Curiosity – curiosity leads you to honestly want to know what’s going on with your parts and you feel open to them and don’t have an agenda to change them.
Calm – a sense of calm helps you feel at peace, and feel a spaciousness in your system or in your body or heart.
Confidence – by cultivating confidence, you’re not afraid to engage your fearful or wounded parts because Self can handle it.
Compassion – with compassion, you want to help relieve the suffering of your parts and you feel love towards all of your parts, even the ones that you may have problems understanding or agreeing with.
Clarity – clarity allows you to see your parts for what they truly are. Parts can start out looking big and scary, but when they know Self wants to help them they may transform into the wounded children they really are (not all parts are young, but many are).

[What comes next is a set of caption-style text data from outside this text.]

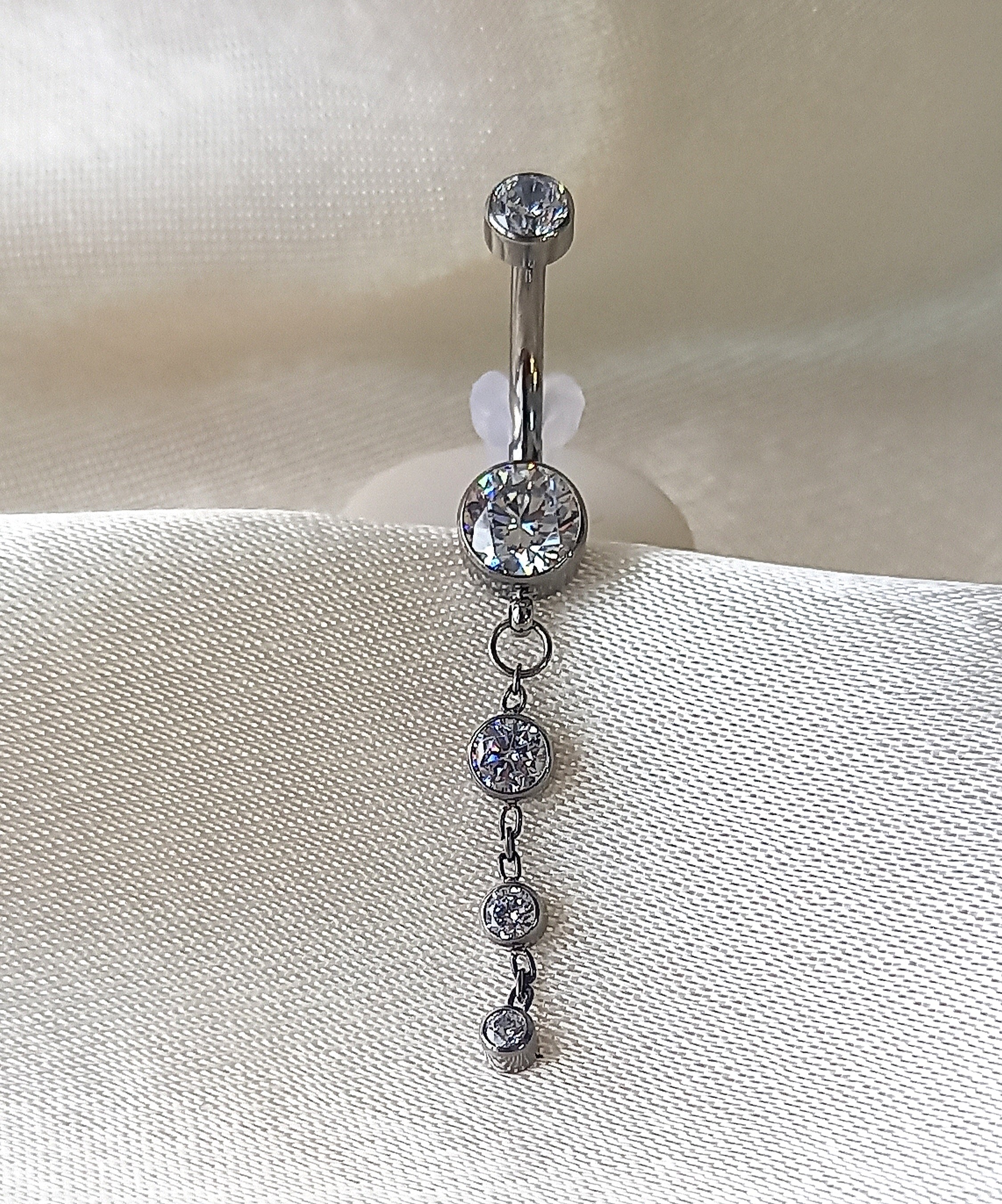 Navel tres brillos colgante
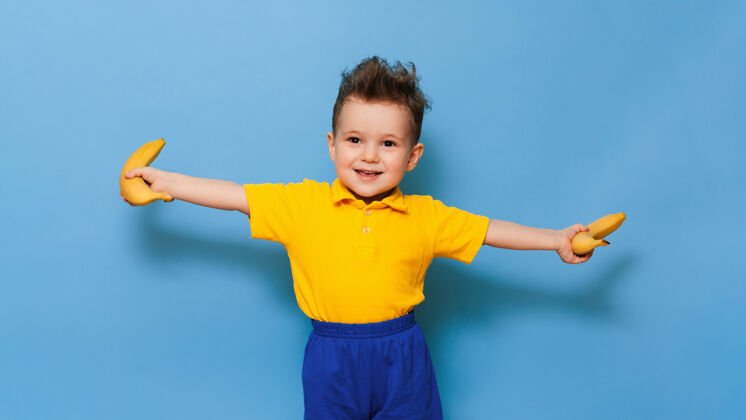 童年一个穿黄色t恤衫的男孩手里拿着一根香蕉和一只手微笑有趣表达肖像快乐素食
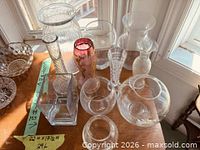 Group view of all 11 glass pieces on tabletop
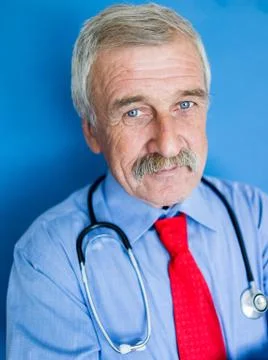 Elderly doctor on blue lab background Stock Photos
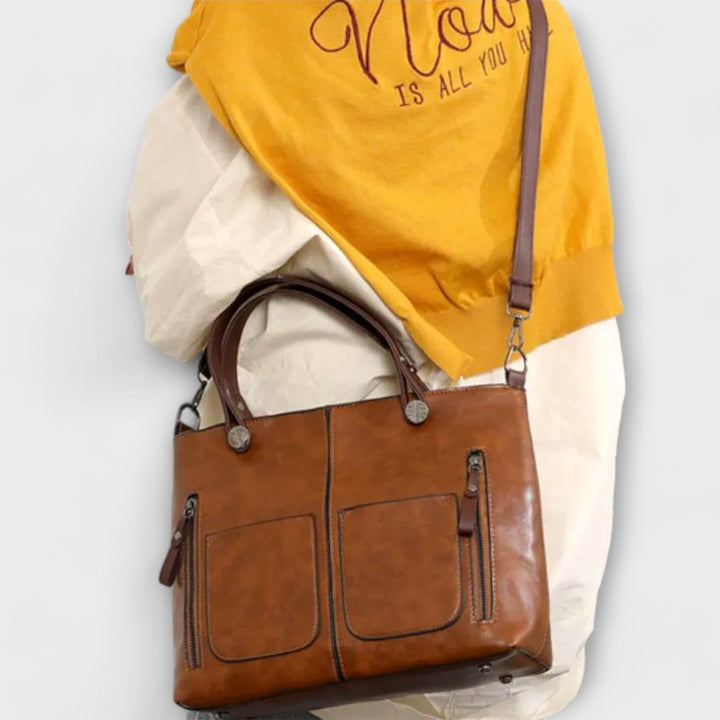 Close-up of the durable fabric and zipper detail on a women's functional everyday shoulder bag.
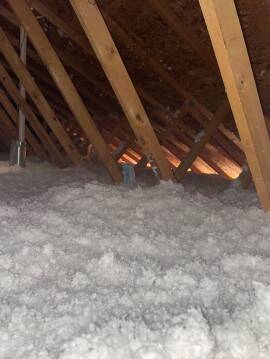 Insulation is onThis insulation project was made possible by the NM Energy$mart Weatherization Program.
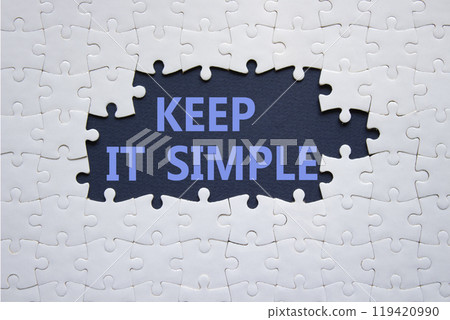 Keep it Simple symbol. Concept words Keep it Simple on white puzzle. Beautiful deep blue background. Business and Keep it Simple concept. Copy space. Keep it Simple symbol. Concept words Keep it Simple on white puzzle. Beautiful deep blue background. Business and Keep it Simple concept. Copy space. 119420990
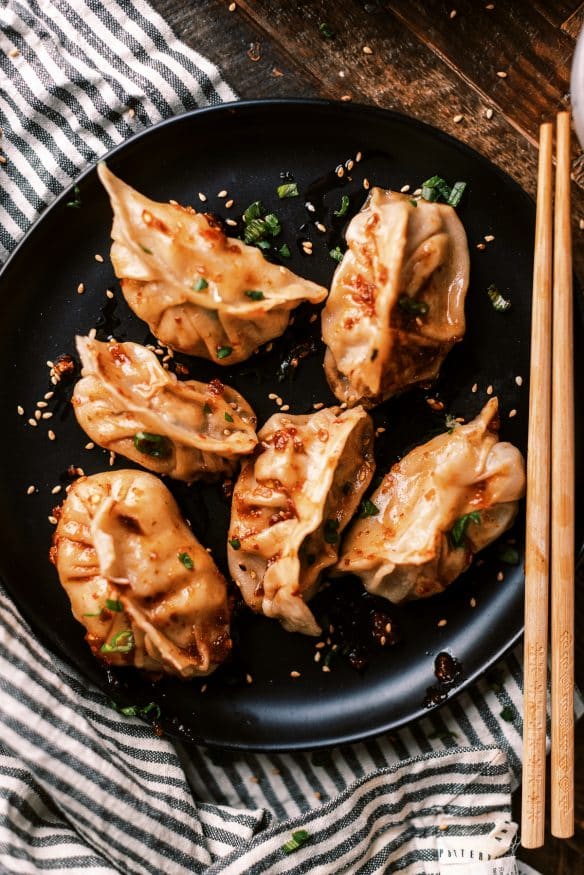 Fried Pork dumplings with a delicious pork filling with ginger, soy sauce rice vinegar, scallions and cabbage and from scratch dough.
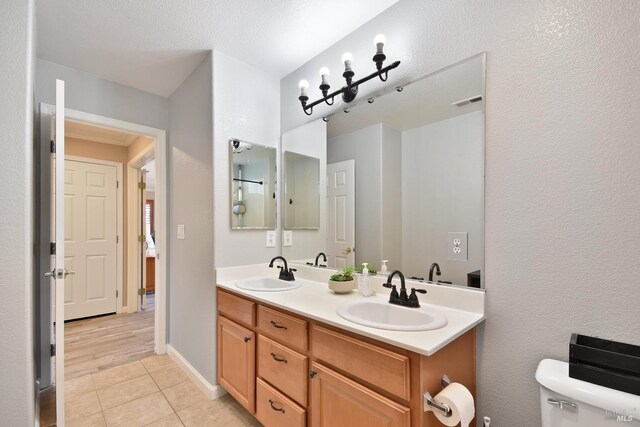 712 Tahoe Ct, Fairfield, CA 94534 - bathroom with toilet, double vanity, and tile patterned flooring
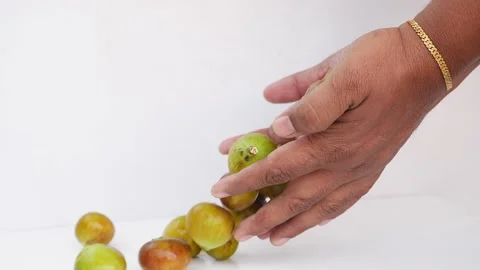 Close view of dropping green fig fruits on a white background Stock-Footage 148214385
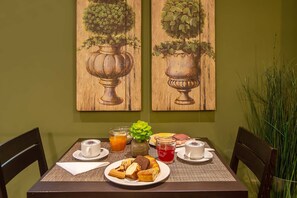 A dining table with a plate of food, a coffee cup, a glass of orange juice, and a vase with a plant. - Hotel Roma Sud (Frascati)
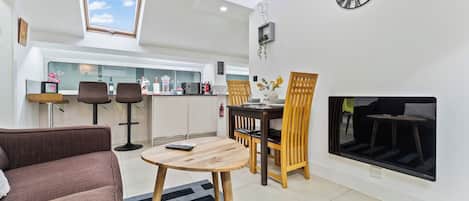 A modern living room with a sofa, a dining table with chairs, a fireplace, and a kitchen in the background.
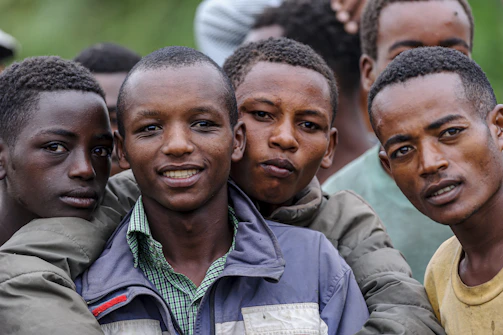 a group of young men standing next to each other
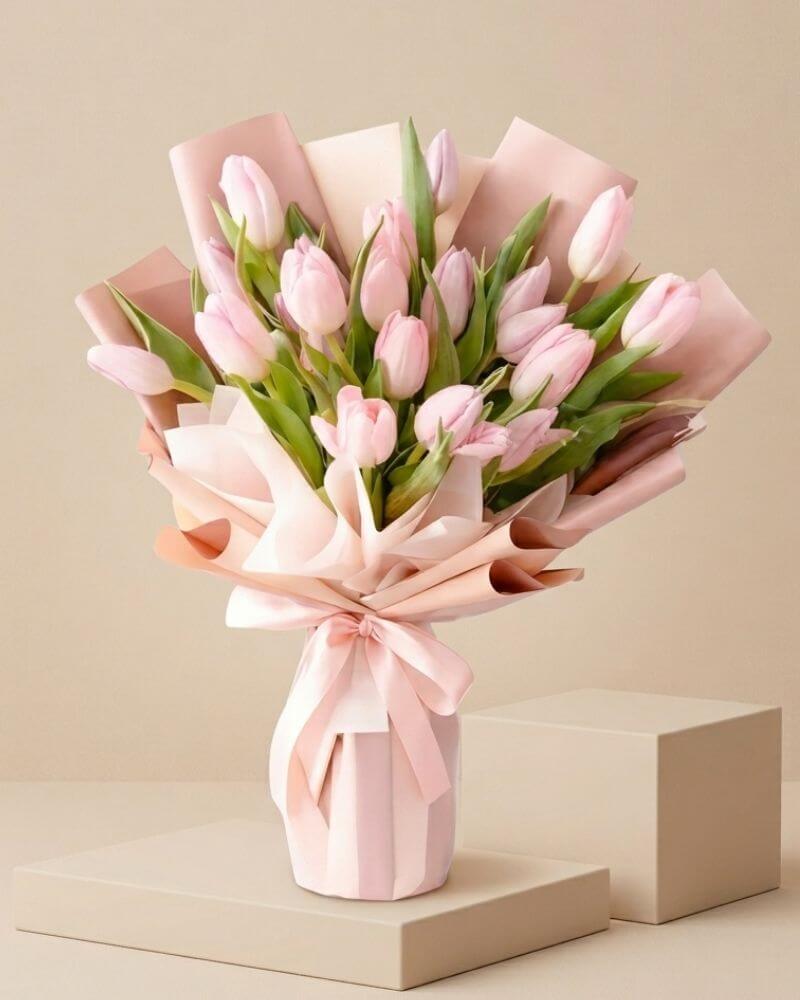 Elegant 20 Light Pink Tulip Bouquet wrapped in blush and ivory paper for luxury flower delivery in Dubai and UAE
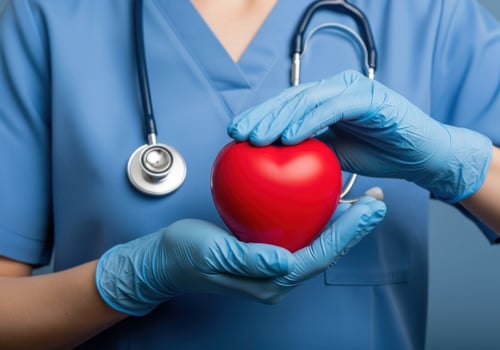 Medical professional holds red heart symbolizing health and care photo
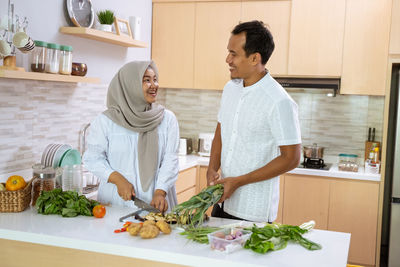 Young man preparing food on table at home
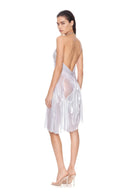 Rear three-quarter view of the metallic silver Silver Moon chain-halter wetlook midi dress, showing the garment silhouette and back detailing.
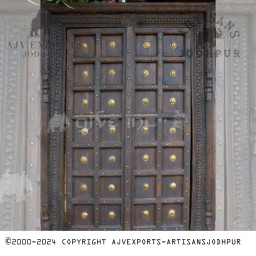 Elegant Wooden Door with Golden Studs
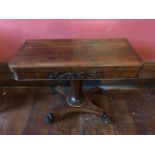 A Regency rosewood games table, circa 1820, fold-over top with inset green gauze, tapered support,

Creativity – creativity helps you find unique and adaptive solutions to challenges, both internal and external. When faced with obstacles or conflicts among your parts, you can use creative thinking to develop strategies for harmonizing your system and addressing these challenges effectively.
Courage – with courage, Self is present and you’re no longer terrified to connect to your exiles and their pain.
Connectedness – being in Self makes you feel connected to something greater than ourselves. You feel more willing to connect to your internal system and have a greater desire to connect with others.
*All information is based on Dick Schwartz’s Internal Family Systems Therapy.